I find it nothing less than appalling that someone would even SUGGEST that it is in any way my responsibility or obligation to “help out” the besieged mother with four screaming brats at the checkout counter. Especially coming from a family with four kids myself, me being the youngest, I KNOW it’s not that hard to make your kids behave. Like I said in my comment, it was really simple: We knew that if we acted like brats, we would get a spankin’. We didn’t want spankin’s. Therefore, we didn’t act like brats. What part of that do some parents not understand???

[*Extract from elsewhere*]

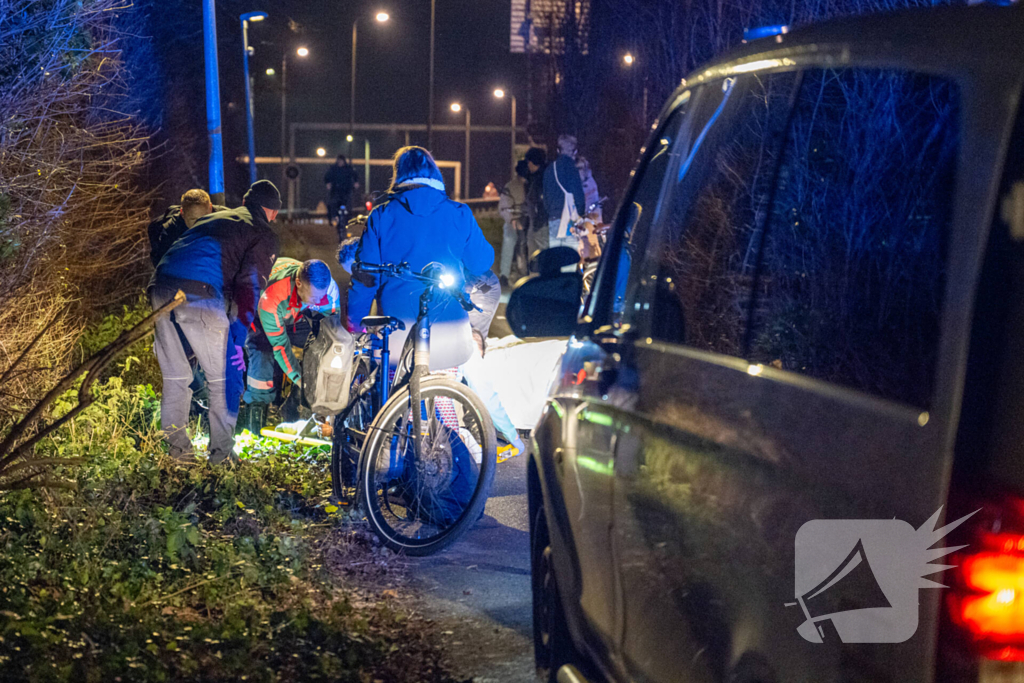 Bestuurder bestelbus rijdt met hoge snelheid in op fietser, ramt auto en slaat op de vlucht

And it really, REALLY bugs me when a person says “I don’t like screaming toddlers in restaurants” and someone responds, “Oh, you hate children, don’t you?” Hellooo??? I also don’t like it when my boyfriend complains about my mess, but I certainly don’t hate him. It is not unreasonable for adults to expect to NOT have to listen to squalling children in public places that are not MEANT for children.
And, it REALLY REALLY bugs me when I tell someone I don’t like squalling shrieks in public places, and they say, “Well you don’t have children, you can’t understand.” What a load of poppycock. What balderdash. Such bullcorn!
Oh, I could go on and on but you know what I’m talking about. I am in total agreement with everything you wrote in my comments and everything you’ve written here. I’m really glad you wrote the comments that you did. We needed a voice of reason in that little flurry of comments, and you provided it. Thank goodness. Don’t know what I’d do without you. I’m also really glad you wrote this blog entry. It needed to be said. But do feel perfectly free to flame people hard in my comments if they say something stupid. I’ve got no problem with that. Tee hee.
Gonna send you an e-mail now to tell about the person who said those stupid things. See ya!